» **THE DATA**
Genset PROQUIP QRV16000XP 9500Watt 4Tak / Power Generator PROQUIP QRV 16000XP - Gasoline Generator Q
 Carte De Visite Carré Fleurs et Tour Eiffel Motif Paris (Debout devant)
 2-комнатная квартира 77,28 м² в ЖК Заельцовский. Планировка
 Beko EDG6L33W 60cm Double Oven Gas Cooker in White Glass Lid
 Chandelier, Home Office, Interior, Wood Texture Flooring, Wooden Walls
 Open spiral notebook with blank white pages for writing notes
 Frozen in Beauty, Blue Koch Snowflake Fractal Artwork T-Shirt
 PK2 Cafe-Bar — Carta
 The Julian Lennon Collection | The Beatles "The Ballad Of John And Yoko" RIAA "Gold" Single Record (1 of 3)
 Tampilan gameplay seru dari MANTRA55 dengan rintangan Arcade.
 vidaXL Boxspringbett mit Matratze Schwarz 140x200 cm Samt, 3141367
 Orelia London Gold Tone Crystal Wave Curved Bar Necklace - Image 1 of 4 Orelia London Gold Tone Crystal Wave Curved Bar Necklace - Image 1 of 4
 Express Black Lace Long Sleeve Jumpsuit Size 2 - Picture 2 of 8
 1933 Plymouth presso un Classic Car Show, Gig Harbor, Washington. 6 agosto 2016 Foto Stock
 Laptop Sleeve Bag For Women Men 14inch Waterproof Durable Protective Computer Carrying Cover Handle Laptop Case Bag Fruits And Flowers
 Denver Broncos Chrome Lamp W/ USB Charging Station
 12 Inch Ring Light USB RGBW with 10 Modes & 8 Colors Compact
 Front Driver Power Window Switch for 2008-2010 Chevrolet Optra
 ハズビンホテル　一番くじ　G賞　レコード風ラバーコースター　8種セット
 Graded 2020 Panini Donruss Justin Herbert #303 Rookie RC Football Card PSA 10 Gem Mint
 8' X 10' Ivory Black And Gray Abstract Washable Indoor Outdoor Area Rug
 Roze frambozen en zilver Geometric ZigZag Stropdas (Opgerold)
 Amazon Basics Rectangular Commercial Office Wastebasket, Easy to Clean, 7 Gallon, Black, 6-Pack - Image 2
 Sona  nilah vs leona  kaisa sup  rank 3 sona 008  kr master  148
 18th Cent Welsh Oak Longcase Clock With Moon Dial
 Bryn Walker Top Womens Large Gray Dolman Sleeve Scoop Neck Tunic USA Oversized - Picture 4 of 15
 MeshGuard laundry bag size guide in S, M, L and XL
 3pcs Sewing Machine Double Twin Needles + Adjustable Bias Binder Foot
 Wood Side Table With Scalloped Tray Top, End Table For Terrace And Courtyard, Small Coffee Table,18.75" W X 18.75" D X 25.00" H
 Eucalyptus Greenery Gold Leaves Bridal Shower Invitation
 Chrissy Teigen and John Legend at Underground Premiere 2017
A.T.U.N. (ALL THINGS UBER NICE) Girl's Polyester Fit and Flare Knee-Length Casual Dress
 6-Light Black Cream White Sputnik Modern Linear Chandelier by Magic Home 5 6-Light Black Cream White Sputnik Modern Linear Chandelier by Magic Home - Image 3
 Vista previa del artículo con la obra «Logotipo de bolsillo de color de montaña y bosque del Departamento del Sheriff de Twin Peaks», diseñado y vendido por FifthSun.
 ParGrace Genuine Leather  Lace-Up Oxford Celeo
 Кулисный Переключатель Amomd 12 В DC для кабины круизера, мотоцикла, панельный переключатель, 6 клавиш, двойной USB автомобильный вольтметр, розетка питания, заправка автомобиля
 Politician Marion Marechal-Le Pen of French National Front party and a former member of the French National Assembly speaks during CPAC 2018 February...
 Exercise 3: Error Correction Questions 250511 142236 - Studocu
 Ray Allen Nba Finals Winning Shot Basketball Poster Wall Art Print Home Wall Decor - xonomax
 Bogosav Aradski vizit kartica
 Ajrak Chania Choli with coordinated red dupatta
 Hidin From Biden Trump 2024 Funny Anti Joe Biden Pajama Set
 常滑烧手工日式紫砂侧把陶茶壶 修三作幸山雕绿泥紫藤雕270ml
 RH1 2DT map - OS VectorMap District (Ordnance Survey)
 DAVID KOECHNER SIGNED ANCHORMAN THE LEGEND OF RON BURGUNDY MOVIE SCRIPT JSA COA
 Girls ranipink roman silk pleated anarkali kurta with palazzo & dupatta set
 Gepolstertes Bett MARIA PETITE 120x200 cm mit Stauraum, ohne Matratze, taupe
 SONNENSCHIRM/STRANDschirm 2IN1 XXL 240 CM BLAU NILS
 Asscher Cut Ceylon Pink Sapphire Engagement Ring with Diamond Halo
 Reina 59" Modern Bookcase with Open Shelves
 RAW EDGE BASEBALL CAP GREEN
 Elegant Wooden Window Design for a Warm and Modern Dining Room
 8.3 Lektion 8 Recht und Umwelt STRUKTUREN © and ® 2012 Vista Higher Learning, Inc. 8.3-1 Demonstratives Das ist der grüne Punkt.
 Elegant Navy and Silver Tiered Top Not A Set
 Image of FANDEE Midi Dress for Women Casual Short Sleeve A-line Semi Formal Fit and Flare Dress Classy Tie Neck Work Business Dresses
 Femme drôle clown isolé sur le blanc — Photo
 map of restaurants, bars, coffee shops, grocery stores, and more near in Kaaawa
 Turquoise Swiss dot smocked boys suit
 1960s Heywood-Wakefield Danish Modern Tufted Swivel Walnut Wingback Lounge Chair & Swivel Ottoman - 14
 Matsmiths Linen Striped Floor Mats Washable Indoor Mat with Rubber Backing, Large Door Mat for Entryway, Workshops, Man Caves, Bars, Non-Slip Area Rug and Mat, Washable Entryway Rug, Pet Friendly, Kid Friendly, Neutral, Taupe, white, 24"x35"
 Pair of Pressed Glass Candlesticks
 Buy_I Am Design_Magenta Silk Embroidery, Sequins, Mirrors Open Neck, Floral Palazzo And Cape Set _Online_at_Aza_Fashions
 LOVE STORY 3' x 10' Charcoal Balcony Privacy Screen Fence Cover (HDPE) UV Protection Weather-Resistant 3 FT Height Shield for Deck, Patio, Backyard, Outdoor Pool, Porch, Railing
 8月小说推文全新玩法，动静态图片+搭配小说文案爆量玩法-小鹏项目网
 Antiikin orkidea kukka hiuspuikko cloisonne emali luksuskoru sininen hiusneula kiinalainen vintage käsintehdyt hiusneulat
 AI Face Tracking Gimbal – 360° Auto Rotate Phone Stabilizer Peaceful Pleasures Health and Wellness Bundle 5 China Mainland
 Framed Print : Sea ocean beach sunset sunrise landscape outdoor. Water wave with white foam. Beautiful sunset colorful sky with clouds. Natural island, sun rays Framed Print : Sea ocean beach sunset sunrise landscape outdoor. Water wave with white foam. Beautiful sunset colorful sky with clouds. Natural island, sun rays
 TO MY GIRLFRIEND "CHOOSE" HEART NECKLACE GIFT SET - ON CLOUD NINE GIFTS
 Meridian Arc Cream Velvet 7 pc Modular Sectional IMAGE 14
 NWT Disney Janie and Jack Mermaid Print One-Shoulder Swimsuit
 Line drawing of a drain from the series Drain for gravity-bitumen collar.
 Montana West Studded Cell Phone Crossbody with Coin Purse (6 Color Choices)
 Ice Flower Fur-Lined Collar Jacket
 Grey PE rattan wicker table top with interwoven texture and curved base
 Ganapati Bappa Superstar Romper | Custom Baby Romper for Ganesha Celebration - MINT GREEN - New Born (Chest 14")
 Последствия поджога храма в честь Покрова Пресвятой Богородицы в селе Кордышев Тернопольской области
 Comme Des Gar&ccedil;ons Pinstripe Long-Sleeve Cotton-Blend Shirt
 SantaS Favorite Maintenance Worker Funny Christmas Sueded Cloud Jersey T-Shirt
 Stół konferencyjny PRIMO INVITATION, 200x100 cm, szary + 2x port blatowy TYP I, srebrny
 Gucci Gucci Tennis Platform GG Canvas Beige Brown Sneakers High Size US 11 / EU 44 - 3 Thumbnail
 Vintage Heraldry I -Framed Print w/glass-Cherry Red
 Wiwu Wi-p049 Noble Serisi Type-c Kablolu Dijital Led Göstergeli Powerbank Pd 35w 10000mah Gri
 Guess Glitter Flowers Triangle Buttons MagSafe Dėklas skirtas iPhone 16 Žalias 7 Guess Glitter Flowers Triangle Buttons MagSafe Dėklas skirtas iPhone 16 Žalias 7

» **WHAT TO DO**
Transcribe, please, every line from the first line of the listing above through the line with "Chrissy Teigen and". Keep both ends and nothing else.

» **EXERCISE RESPONSE**
Genset PROQUIP QRV16000XP 9500Watt 4Tak / Power Generator PROQUIP QRV 16000XP - Gasoline Generator Q
 Carte De Visite Carré Fleurs et Tour Eiffel Motif Paris (Debout devant)
 2-комнатная квартира 77,28 м² в ЖК Заельцовский. Планировка
 Beko EDG6L33W 60cm Double Oven Gas Cooker in White Glass Lid
 Chandelier, Home Office, Interior, Wood Texture Flooring, Wooden Walls
 Open spiral notebook with blank white pages for writing notes
 Frozen in Beauty, Blue Koch Snowflake Fractal Artwork T-Shirt
 PK2 Cafe-Bar — Carta
 The Julian Lennon Collection | The Beatles "The Ballad Of John And Yoko" RIAA "Gold" Single Record (1 of 3)
 Tampilan gameplay seru dari MANTRA55 dengan rintangan Arcade.
 vidaXL Boxspringbett mit Matratze Schwarz 140x200 cm Samt, 3141367
 Orelia London Gold Tone Crystal Wave Curved Bar Necklace - Image 1 of 4 Orelia London Gold Tone Crystal Wave Curved Bar Necklace - Image 1 of 4
 Express Black Lace Long Sleeve Jumpsuit Size 2 - Picture 2 of 8
 1933 Plymouth presso un Classic Car Show, Gig Harbor, Washington. 6 agosto 2016 Foto Stock
 Laptop Sleeve Bag For Women Men 14inch Waterproof Durable Protective Computer Carrying Cover Handle Laptop Case Bag Fruits And Flowers
 Denver Broncos Chrome Lamp W/ USB Charging Station
 12 Inch Ring Light USB RGBW with 10 Modes & 8 Colors Compact
 Front Driver Power Window Switch for 2008-2010 Chevrolet Optra
 ハズビンホテル　一番くじ　G賞　レコード風ラバーコースター　8種セット
 Graded 2020 Panini Donruss Justin Herbert #303 Rookie RC Football Card PSA 10 Gem Mint
 8' X 10' Ivory Black And Gray Abstract Washable Indoor Outdoor Area Rug
 Roze frambozen en zilver Geometric ZigZag Stropdas (Opgerold)
 Amazon Basics Rectangular Commercial Office Wastebasket, Easy to Clean, 7 Gallon, Black, 6-Pack - Image 2
 Sona  nilah vs leona  kaisa sup  rank 3 sona 008  kr master  148
 18th Cent Welsh Oak Longcase Clock With Moon Dial
 Bryn Walker Top Womens Large Gray Dolman Sleeve Scoop Neck Tunic USA Oversized - Picture 4 of 15
 MeshGuard laundry bag size guide in S, M, L and XL
 3pcs Sewing Machine Double Twin Needles + Adjustable Bias Binder Foot
 Wood Side Table With Scalloped Tray Top, End Table For Terrace And Courtyard, Small Coffee Table,18.75" W X 18.75" D X 25.00" H
 Eucalyptus Greenery Gold Leaves Bridal Shower Invitation
 Chrissy Teigen and John Legend at Underground Premiere 2017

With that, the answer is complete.